"The light is almost gone"
"Laura is the one"
"Laura is the one"
Bad things are on the way. In the work of David Lynch Rebekah Del Rio is something of a harbinger. In Mulholland Drive the sheer elegance and grace of her voice cracks open the entire world and fractures the movie with a moment of such pure beauty that the only way to balance the forces of Earth is through a dissemination of futility. She appeared last week on Twin Peaks, and once again it feels as if her voice has foretold viewers that the darkness that always creeps within David Lynch's world would overflow once more.
Episode 10 of Twin Peaks is perhaps the most violent in the revival to date featuring numerous scenes where men abuse & in some cases murder women. David Lynch has always reckoned with violence against women, and I'm not entirely sure it's always artistically justified, but there was something altogether different about the violence on episode 10 & it is that the spectre of Laura Palmer's tragedy ruptures the tone of the events in a way that feels as if doom hangs around the corner. Frequently, the phrase "This has happened before and it will happen again" is used throughout Twin Peaks & situations involving characters like Becky Burnett's (Amanda Seyfried) troubles with drug abuse & an abusive boyfriend feel like a retelling of past horrors.

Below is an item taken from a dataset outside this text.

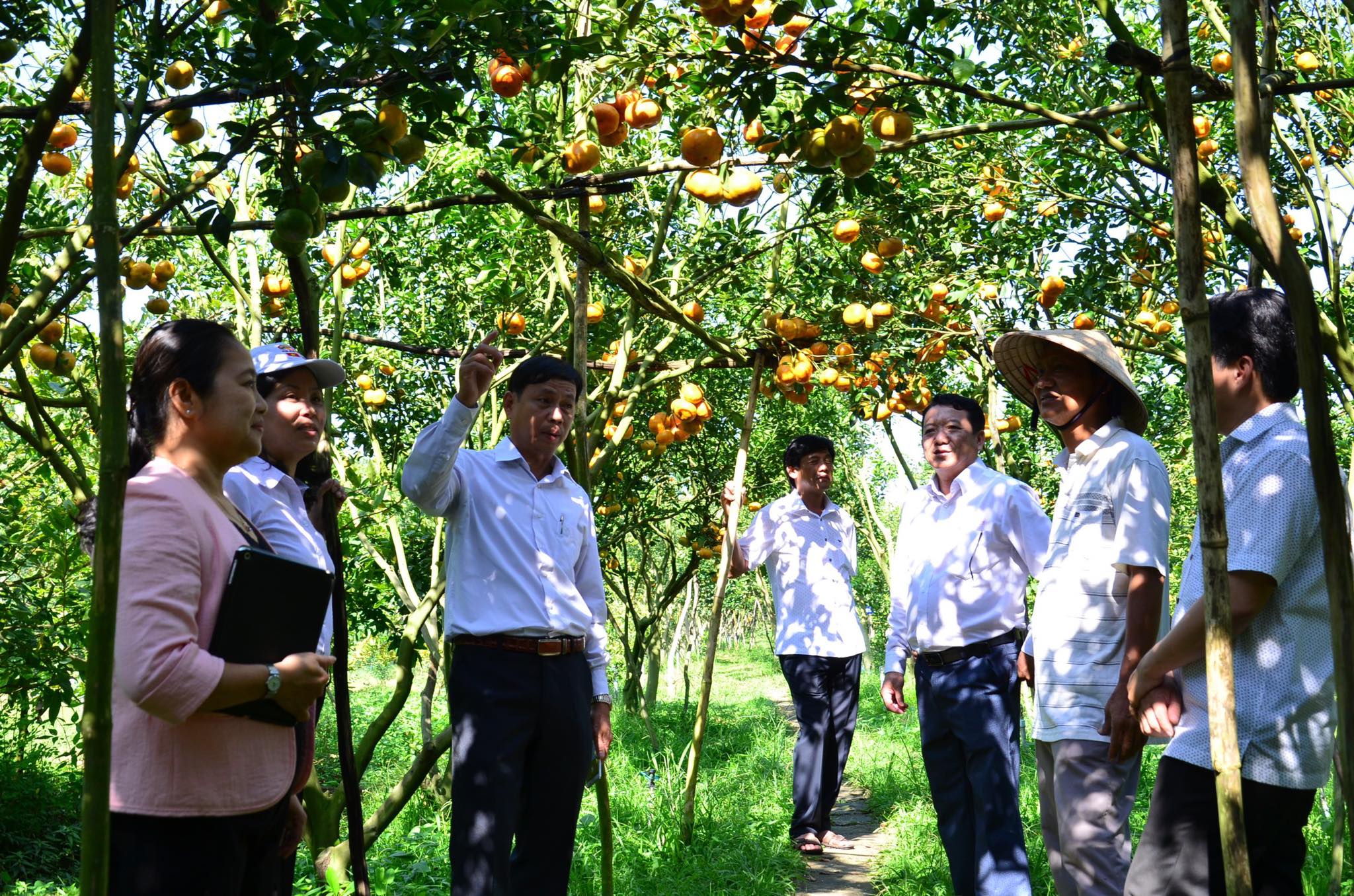 Đồng Tháp tháo gỡ khó khăn, đẩy mạnh giải ngân đầu tư công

There are three indicators that we are about to tread in the deep waters of Twin Peaks' true horrors. This is merely speculation on my part, but my gut tells me things are about to get very bad, very quickly. The first of these scenes shows Laura Palmer confronting (begging?) Gordon Cole for help. Gordon opens a door and superimposed on the image is Laura Palmer's face from Fire Walk With Me racked with pain and grief at discovering her father was the man who had been sexually abusing her all throughout her life. Gordon looks perplexed and leaves us wondering if Laura is coming to him for help or if she too haunts Gordon for being involved in these events in some way we do not yet know. Laura is also a harbinger. She is a figure of pureness in the world of Twin Peaks & her tragedy still exists in the blood of everyone who was there 25 years ago. In episode 8 of Twin Peaks we see an ethereal figure casting Laura as the Angel to fight the evil of humanities' atomic evil, bob. If she is the light and the Log Lady is the truthsayer then Laura's presence has nearly vanished. Was it the only thing keeping bob at bay? Is it what keeps Twin Peaks from being swallowed by the evil that lurks in the woods and now walks freely throughout the world? We don't have answers to these are questions yet, but Laura's appearance, Log Lady's prophecy and Rebekah Del Rio's divine voice foretell a Twin Peaks without much hope or possibility to exist if drastic measures are not taken.
In David Lynch's world there's always the possibility that light can pierce the shadow of darkness. He believes humanity is capable of both great and terrible things. In his films this is present & these two qualities rest beside one another, but I'm worried. I'm nervous about where we're heading. It feels as if we're about to be shoved off of a cliff, with no way of knowing if we'll recover after the fall. I trust Lynch insomuch that I believe he wouldn't theoretically destroy us as viewers, but I've never seen him this angry, bleak or distrustful of humanity & given the climate of the world right now who could blame him? There are no stars if there is no light.